Too much work, not enough rich vampire boyfriend who cleans my house.
I bring giant stuffed animals into carnivals so when I walk around people will think that I am good at something.
Internal me: Gurrrrl, you are being crazy. Reign it in.
Actual me: So I just need to say one thing…
[chameleon conference]
Boss: Is… everyone here?
*crickets*
Boss: I know Keith is. He brought the yummy crickets. Thx
Keith: You’re welcome
I envy the women who can bite their bottom lip and look sexy. I do that and it’s a toss up between “does she need to go to the bathroom and is lost?” Or “is she getting that piece of corn out from her teeth?”
If you have joint pain..
You’re probably holding it by the wrong end.
“Who Wants To Be a Millionaire?” would be a better show if the only contestants were billionaires.
Ugh but profoundly
[shark therapy]
“My girl dumped me & I haven’t eaten in days”There’s lots of fish in the sea
“Yeah but…actually that covers everything”
I was looking into party ideas for my twins 6th birthday and came across someone who does slime & glitter parties so I reported them to the police
H: So what’s the worst thing you’ve ever seen someone do?
Me: I watched a mother buy her son a harmonica.
If I had 3 wishes I’d spend them on my daughter.

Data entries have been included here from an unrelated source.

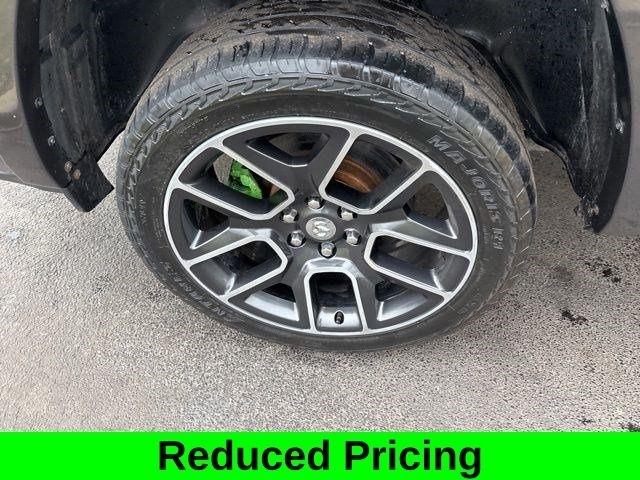 RAM 1500 Laramie Crew Cab 4WD 2020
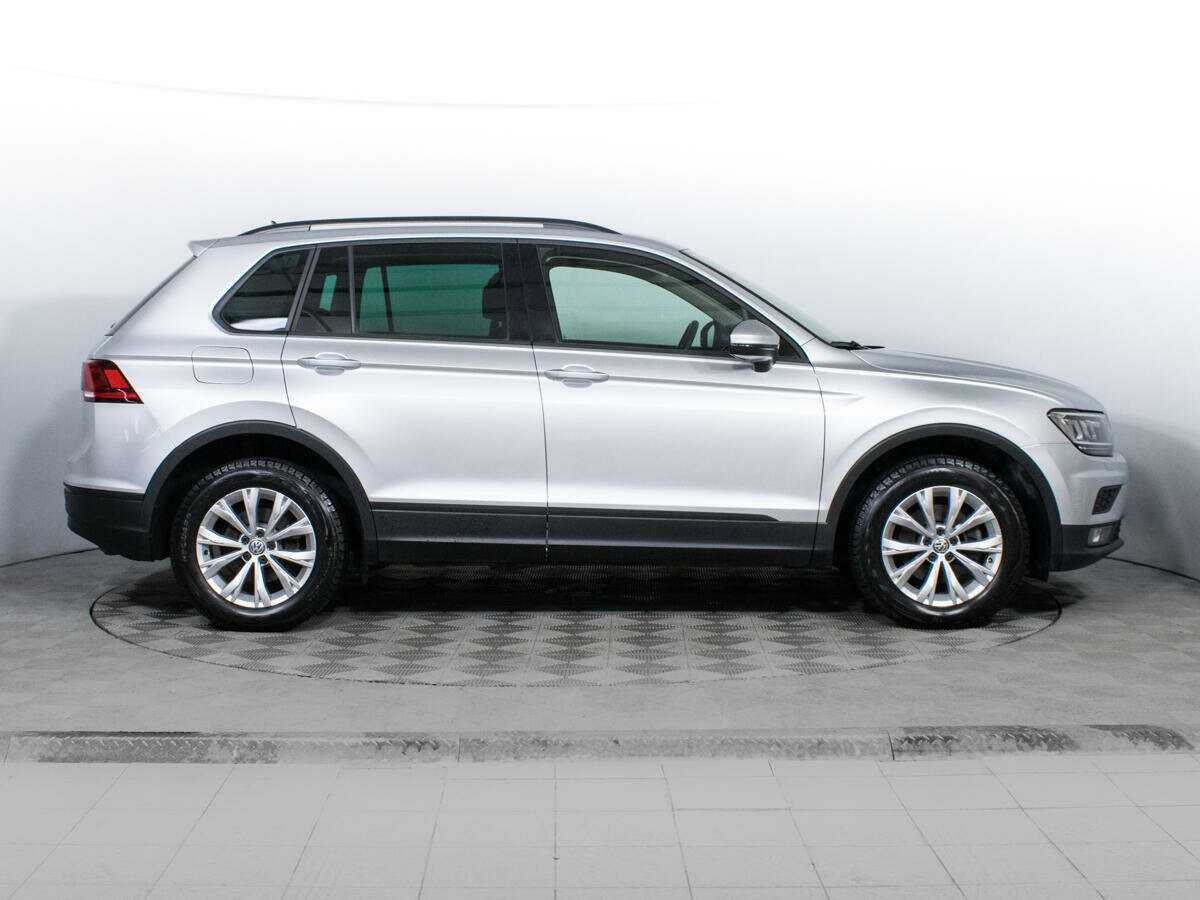 Купить Volkswagen Tiguan, 2019, 17 090 км, фото №3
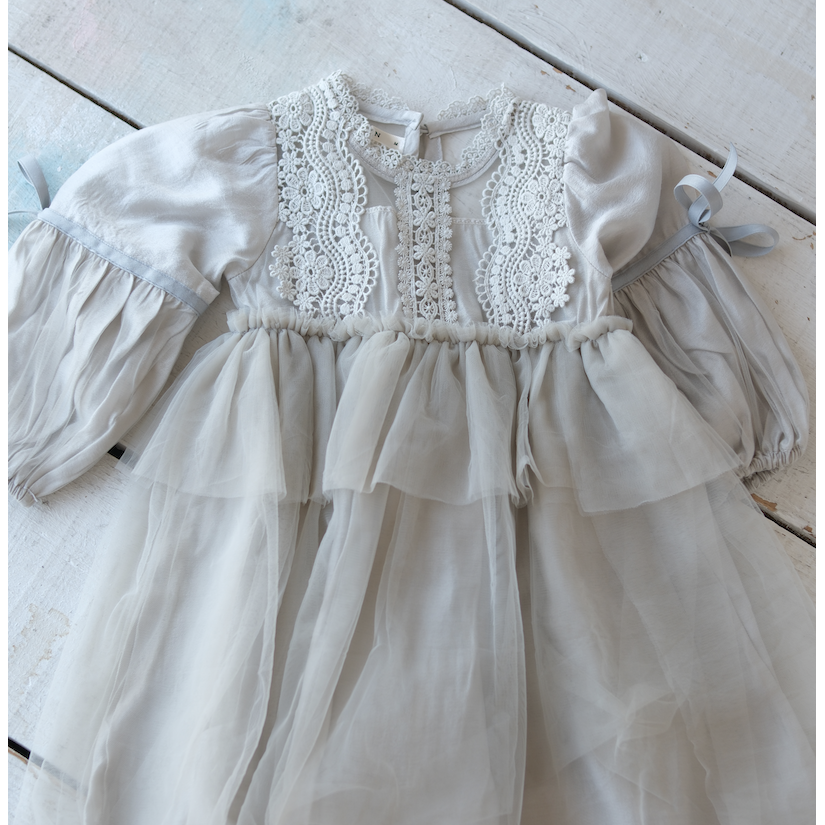 グレーのドレス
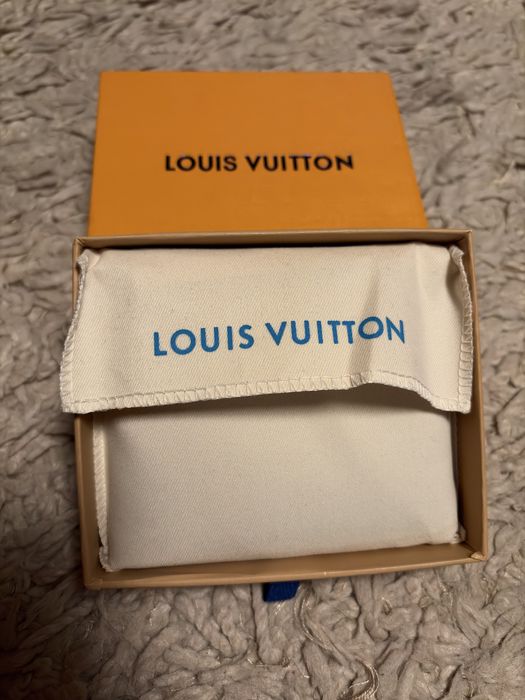 Портфейл louis vuitton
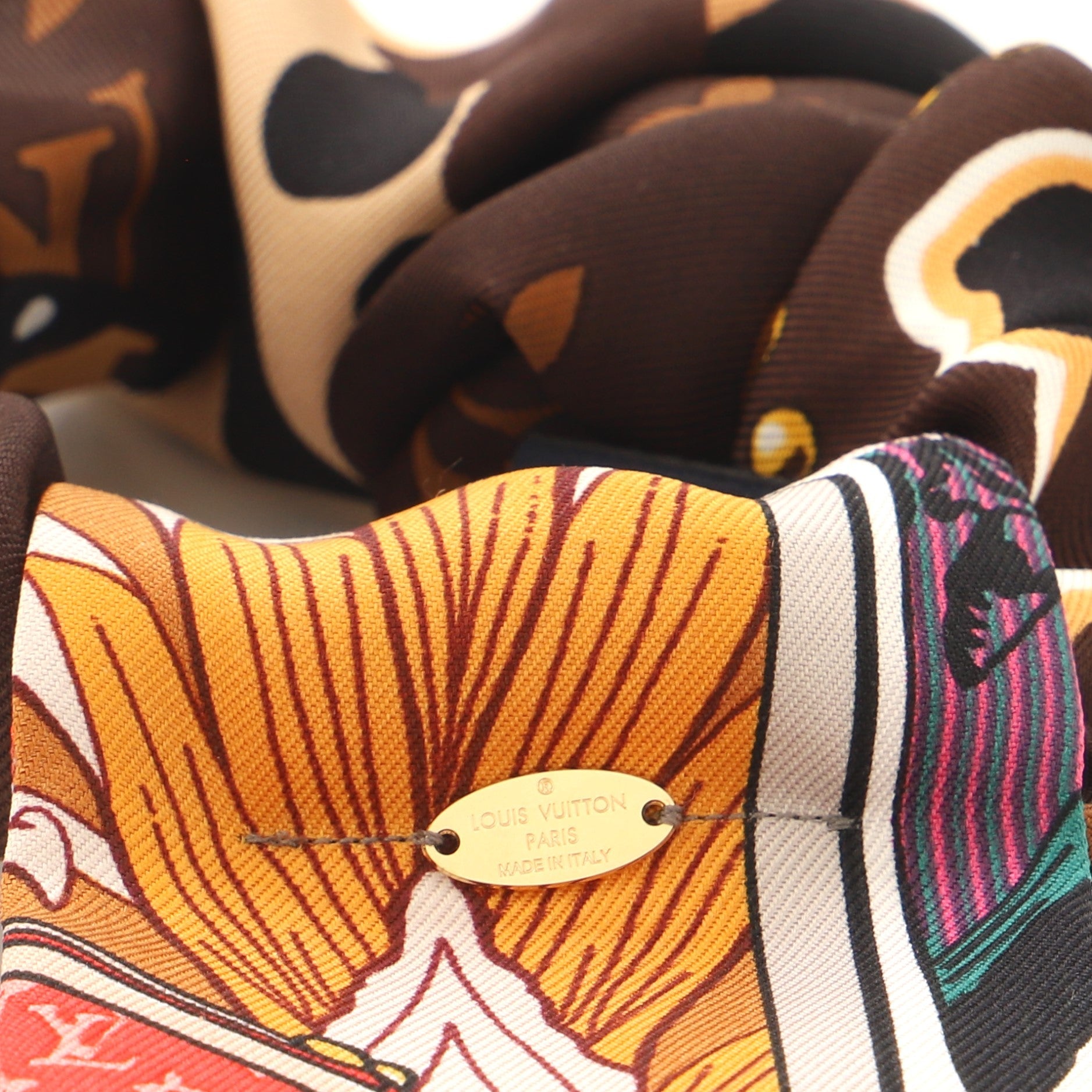Chouchou Be Mindful Hair Scrunchie Printed Silk XS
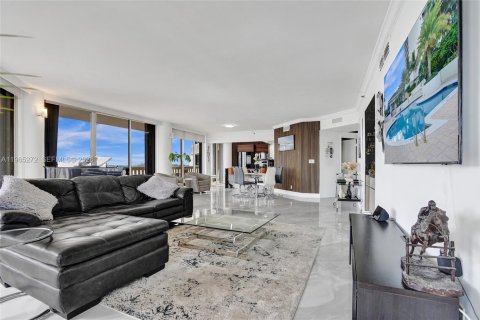 Condo in Aventura, Florida, 2 bedrooms  № 2027841 - photo 9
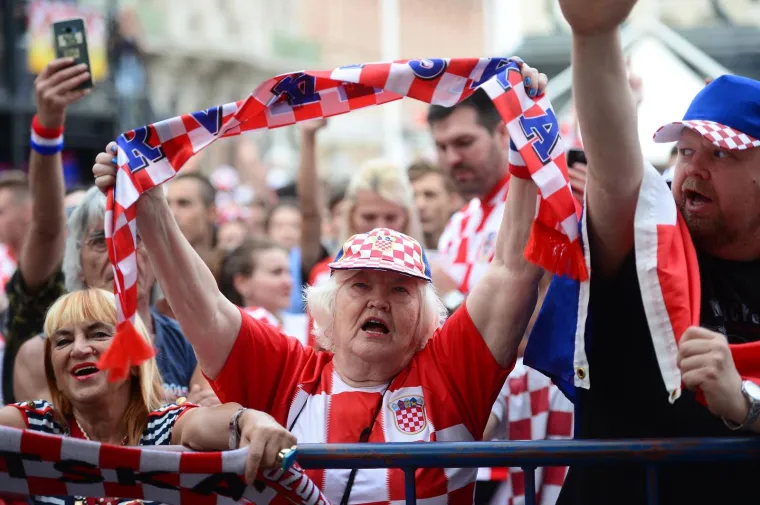 TOTALNA LUDNICA NA GLAVNOM ZAGREBAČKOM TRGU: Ovakvo navijanje sigurno će odvesti Vatrene do pobjede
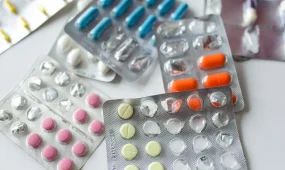 Цены на лекарства в аптеках снизились в среднем на 12% - данные Минздрава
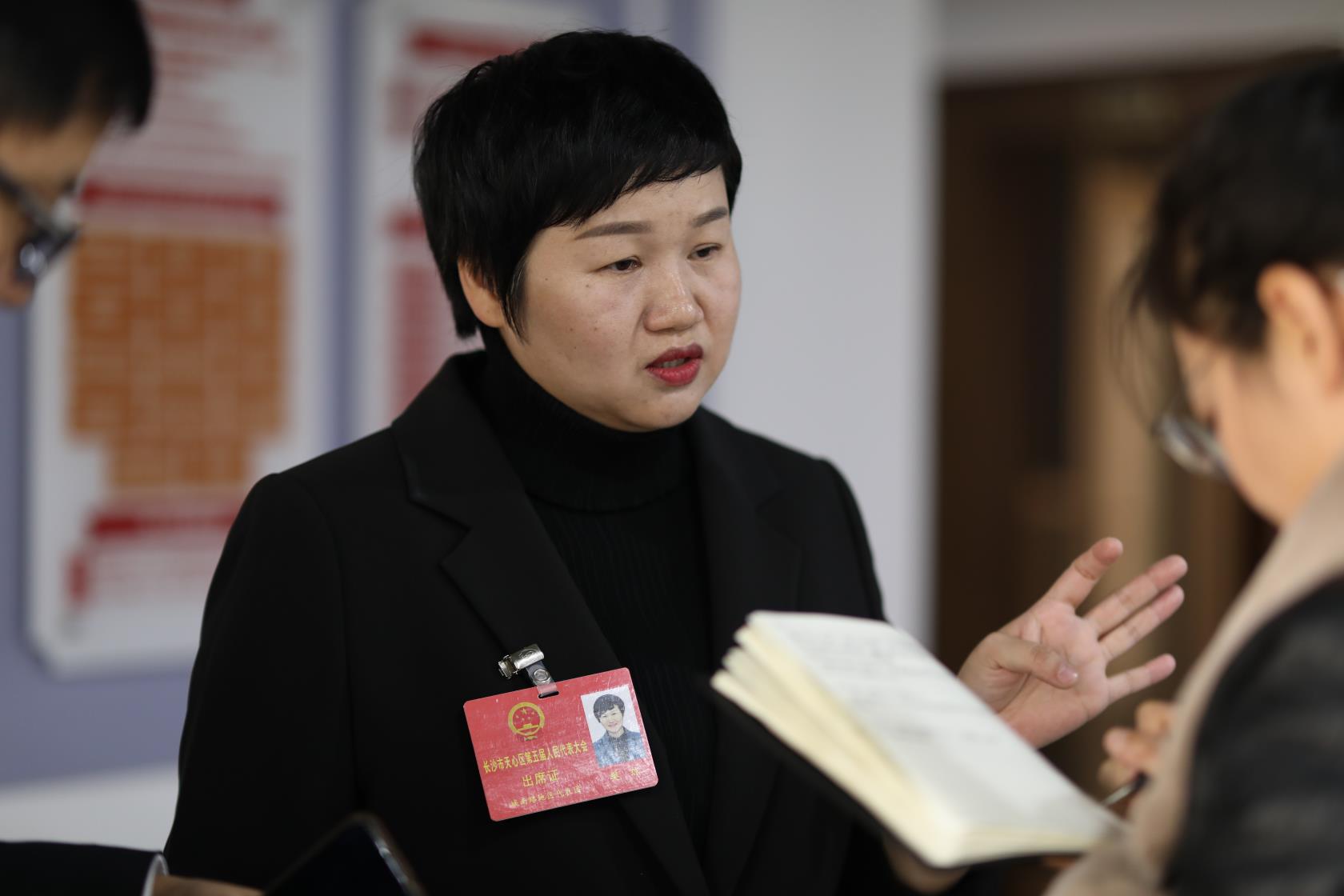 区人大代表樊琼接受记者采访。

Happiness, success and her very own little shithead who refuses to replace the TP roll.
just saw a guy and girl kissing at her car outside the bar and as he walked back to his car she goes “you promise you’ll break up with her today? you better” summer is so back
I received a basketball in the mail from Amazon. I haven’t played basketball in 20 years but apparently drunk me thinks I’m Michael Jordan.
PMS: Your eyes look empty.
ME: I feel great.
PMS: Better put mascara on.
ME: To look pretty?
PMS: To look crazy when I make you cry.
Indiana Jones and that one time he went to his actual job
I watched squirrels for like an hour and thought “they don’t do ANYTHING really” and then realized I watched squirrels for like an hour
“Having sex for money is bad because it is counterfeiting feelings” wow dude, I have bad news about every other customer service job ever
Firecrackers let you know how close drunk people are to your house.
I always sit in the middle stall so I have a bathroom buddy.